Drip system a floor above?

  • We are currently upgrading MFK. thanks! -neo
dmopar74;4230585; said:
im curiuos as to why the RO water? never use any on my drip.

Dave keeps SA cihlids (eartheaters) same as I that do not do well in hard water at all. The only water harder than my tap is ice...
 
JK47;4230556; said:
Thank you Dave that was kind! ;) Well I really liked Jose's design with the splitter off of the laundry room outlet so that is what I am going with only with a twist like yours of doing two seperate incoming lines. It is convenient that it's about 8 feet from my tank so preasure is no issue. I bought two splitters so that I could have three outlets (one splitter onto another) to hook on to.

first = washing machine, second = RO unit, third = chlorine/chloramine filter. I will be doing a 75% RO, 25% tap roughly. I have everything so far but the chlorine/chloramine filter. I will order that when I am done with my sump and send you pics so you can see what I mean. Subscribed on this thread. Lets get it sorted out for you.

Where I get confused is by the goal of doing this to two different tanks. Now that I've shifted the downstairs one off the shared wall, it's a bit more than 8 feet and I'll probably have to go up and through the ceiling to get over to it. So to make the pressure work I'll want to split it in the utilty room but not put the drip regulator stuff on until the very end at the tank side, right? Otherwise the drip wouldn't be able to climb the walls at all.

But the RO can only do 50gpd too... so how do I deal with that? If I put that in the utility room, how does the water that gets past that get the push it needs to get upstairs?
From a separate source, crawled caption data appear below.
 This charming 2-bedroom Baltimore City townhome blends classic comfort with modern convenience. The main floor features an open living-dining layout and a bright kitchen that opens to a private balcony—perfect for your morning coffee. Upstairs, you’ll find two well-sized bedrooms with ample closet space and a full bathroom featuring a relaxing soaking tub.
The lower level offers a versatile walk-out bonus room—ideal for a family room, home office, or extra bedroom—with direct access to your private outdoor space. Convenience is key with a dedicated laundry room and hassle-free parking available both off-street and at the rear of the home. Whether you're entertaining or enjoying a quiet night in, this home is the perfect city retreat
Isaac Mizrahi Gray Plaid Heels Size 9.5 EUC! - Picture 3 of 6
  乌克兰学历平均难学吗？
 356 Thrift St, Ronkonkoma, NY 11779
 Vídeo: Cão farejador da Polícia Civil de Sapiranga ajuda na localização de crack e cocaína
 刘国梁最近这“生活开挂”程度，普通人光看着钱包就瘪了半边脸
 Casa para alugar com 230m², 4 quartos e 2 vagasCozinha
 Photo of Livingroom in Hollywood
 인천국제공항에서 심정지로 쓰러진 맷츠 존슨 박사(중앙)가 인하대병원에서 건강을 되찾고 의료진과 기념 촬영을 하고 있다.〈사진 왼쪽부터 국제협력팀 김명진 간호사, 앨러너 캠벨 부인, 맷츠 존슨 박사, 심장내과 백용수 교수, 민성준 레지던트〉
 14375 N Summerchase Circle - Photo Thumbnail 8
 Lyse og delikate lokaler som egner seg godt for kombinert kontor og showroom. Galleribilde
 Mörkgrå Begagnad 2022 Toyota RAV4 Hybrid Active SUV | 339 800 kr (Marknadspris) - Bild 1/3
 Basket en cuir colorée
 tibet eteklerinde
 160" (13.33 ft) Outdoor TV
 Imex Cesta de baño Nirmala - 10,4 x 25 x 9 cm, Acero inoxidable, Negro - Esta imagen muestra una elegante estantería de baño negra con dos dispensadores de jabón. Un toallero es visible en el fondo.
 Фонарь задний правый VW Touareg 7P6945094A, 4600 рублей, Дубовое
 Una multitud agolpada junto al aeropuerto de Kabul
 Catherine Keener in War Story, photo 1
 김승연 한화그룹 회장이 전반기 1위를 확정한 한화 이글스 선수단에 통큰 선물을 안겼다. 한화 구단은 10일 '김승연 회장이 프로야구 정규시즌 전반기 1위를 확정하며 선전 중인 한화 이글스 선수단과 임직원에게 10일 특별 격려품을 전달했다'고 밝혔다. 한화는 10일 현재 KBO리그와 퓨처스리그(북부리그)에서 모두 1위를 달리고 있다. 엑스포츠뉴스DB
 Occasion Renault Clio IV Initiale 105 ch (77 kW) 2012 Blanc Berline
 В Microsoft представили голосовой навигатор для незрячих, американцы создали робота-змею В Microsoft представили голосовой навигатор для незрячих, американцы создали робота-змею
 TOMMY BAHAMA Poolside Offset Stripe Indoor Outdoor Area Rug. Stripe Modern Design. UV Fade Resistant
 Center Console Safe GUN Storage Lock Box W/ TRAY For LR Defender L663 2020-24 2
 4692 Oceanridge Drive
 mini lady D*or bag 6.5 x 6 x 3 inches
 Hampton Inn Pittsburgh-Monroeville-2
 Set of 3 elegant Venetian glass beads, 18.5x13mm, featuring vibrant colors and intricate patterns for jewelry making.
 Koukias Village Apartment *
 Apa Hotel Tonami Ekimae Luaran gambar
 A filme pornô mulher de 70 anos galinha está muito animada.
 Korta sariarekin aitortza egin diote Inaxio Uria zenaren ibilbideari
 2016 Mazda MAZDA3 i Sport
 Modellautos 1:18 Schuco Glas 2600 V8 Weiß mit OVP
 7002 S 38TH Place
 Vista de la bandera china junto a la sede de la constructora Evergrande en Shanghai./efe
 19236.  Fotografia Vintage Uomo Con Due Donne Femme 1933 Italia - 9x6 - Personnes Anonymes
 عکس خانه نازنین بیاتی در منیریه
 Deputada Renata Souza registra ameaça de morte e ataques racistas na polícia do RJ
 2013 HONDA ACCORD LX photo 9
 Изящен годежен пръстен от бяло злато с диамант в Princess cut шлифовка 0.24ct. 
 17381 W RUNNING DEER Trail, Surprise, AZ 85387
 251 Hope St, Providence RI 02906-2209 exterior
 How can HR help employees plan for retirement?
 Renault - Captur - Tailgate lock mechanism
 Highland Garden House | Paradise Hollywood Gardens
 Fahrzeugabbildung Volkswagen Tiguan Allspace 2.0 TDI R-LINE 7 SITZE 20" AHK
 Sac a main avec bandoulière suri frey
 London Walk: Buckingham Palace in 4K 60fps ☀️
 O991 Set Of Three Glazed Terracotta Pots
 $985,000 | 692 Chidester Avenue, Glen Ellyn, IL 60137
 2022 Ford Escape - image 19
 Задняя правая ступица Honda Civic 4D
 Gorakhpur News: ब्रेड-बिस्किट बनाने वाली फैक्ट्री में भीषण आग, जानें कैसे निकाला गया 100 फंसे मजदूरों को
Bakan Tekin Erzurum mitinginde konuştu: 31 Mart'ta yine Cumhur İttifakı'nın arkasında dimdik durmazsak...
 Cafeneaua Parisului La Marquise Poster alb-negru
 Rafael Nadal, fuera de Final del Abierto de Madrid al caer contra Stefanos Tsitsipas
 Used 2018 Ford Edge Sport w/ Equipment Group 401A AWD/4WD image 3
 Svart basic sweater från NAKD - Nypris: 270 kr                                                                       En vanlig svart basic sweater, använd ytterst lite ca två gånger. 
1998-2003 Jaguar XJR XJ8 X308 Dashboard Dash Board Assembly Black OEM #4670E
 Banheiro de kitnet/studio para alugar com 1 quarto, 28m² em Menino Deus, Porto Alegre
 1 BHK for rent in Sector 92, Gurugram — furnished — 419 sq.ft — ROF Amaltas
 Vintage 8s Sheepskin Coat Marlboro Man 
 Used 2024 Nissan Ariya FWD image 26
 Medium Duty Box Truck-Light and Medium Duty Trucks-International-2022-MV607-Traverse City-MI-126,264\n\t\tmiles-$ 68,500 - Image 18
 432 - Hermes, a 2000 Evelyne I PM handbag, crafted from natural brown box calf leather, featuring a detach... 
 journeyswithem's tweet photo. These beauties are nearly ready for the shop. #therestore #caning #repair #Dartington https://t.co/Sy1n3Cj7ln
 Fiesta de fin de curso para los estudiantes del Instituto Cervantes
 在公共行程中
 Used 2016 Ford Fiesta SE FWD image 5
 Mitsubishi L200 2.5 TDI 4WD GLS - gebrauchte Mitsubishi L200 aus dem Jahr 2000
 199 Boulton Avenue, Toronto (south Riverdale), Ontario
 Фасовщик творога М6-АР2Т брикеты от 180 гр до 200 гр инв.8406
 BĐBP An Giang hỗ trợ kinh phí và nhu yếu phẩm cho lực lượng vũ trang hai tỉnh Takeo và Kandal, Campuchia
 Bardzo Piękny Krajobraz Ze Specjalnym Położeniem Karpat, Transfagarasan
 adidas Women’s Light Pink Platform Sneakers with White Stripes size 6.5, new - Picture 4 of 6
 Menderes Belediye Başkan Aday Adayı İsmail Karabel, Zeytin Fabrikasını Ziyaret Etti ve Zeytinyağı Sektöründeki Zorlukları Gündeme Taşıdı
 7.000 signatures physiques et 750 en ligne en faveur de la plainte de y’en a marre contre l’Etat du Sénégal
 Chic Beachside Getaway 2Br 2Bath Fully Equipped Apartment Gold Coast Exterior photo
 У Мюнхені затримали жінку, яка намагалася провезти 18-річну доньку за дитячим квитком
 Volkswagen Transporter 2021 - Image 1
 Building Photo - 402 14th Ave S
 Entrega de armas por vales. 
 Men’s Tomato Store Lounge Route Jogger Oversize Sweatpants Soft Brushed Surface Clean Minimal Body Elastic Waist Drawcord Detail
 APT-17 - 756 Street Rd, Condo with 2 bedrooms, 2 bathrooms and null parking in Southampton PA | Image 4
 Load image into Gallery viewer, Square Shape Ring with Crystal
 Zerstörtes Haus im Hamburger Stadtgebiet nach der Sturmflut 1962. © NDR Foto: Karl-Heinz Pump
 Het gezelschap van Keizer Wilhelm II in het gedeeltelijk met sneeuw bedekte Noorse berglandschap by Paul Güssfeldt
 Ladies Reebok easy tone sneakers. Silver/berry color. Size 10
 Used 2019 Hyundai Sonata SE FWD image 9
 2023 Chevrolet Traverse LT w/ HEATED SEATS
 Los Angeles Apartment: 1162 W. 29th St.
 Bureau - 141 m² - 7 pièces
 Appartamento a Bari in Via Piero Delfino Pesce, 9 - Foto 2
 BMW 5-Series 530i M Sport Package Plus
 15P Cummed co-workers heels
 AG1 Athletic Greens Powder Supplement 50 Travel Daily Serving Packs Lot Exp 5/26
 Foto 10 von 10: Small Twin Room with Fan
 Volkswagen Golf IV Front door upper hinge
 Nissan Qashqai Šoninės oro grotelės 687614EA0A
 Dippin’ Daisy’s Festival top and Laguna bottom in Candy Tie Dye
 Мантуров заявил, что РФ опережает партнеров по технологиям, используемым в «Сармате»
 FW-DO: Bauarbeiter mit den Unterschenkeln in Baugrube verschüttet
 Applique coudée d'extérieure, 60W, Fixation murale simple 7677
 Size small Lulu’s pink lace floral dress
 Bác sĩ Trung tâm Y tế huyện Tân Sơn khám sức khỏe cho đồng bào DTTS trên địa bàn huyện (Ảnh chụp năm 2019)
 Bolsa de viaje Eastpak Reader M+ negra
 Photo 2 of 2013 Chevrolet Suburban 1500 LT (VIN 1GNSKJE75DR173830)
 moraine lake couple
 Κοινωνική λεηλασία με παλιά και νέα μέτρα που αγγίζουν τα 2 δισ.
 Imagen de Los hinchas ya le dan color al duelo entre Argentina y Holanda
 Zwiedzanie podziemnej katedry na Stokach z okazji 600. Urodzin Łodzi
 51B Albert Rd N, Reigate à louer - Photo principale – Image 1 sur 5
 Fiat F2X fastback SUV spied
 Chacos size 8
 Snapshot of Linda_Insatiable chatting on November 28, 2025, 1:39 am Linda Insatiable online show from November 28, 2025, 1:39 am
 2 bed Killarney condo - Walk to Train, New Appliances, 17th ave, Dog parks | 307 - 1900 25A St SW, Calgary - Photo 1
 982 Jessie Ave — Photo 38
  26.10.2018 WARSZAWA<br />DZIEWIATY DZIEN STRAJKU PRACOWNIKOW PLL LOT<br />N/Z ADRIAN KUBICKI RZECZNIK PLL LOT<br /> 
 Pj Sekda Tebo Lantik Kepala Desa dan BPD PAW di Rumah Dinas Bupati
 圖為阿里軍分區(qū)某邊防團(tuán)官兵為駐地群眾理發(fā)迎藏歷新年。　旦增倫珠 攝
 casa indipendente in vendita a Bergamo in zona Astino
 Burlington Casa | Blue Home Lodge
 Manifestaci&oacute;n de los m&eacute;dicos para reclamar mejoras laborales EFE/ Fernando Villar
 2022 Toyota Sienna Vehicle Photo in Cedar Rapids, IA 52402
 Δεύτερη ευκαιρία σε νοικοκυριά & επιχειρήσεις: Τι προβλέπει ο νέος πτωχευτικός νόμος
The other part where I differ from Jose is that he had a nice easy place to drain to, whereas I can't just dump it into the floor. I can tap the upstairs tank into just about anything, I guess, but the downstairs one is below grade. I'm not sure how to get rid of the extra water there.

I am definitely smart enough to understand plumbing, but I have literally NO experience with it, so I feel completely useless here.
 
The current thinking is that I'd actually run the RO unit upstairs in the stand for the show tank, then have its outlet and drain head downstairs, powered by gravity.

The issue then becomes how to drain the downstairs tank, as it currently does not share a wall with the utility room and is below grade. Gravity works against me in that case.

If I stick with just a 125 down there (undesirable) I can probably get away with putting it against the front wall, which allows me a way to run a tube over to the utility room. Maybe then I can set up some kind of sump system in the other room that stays quiet in the theater and feeds fresh drip-supplemented water back. Who knows. But if I go with the larger tank I intend to, it'll need to be on that back wall. And so maybe it'll just need to get RO from a bucket or something.

I'm also trying to figure out a way that I can get more tanks in the utility room. These aren't the best pictures, but basically the PVC for the building waste stuff clogs up the entire back corner (we just put the cat litter there) and the rest of stuff is spaced out just enough to prevent a stack of good sized tanks. Right now I have a 10g on the counter next to the sink and a rickety shelf set up in very close quarters behind the door, wedged right in front of the furnace, with a 20l. (It's rickety because I tore the backing off it to allow for air and access to get back there.) The blue one that is visible is the short unit for the heated floors downstairs, then next to it is the bigger furnace and then the AC. The door swings in and to the right, so it'd hit those units if not for the shelf being there.

Oh, so anyway, just out of frame in the 2nd photo, there's both that grey round manhole-esque cover that I believe is where "grey" water goes, and next to it is a black one that is bolted down that is for waste. There are two pipes going into that. In an ideal world I could figure out a way to splice right into the very bottom of the grey inlet pipe and that'd be an easy gravity-fed drain, even for a downstairs tank. But that's one of those things I'm sure would not be allowed.

So I'm wondering if my best approach is to find a place to collect about 50 gallons of clean RO and just have a nice powerful pump that I can use to refill the downstairs tank from it. That pump could also be used to drain a fry/hospital tank down at floor level on the shelf too, meaning I could cram at least another 20l or 29 in there in the same space. That'd kill two birds with one stone. I kind of wish I hadn't sold my Mag 12 now.

By the way, this is totally unrelated but does anyone know what that black motor is on top of the water heater? I did not have one of those in the last house. Is it a pump for upstairs? It makes too much noise. As does the AC unit, which is probably 3x as loud as the last place.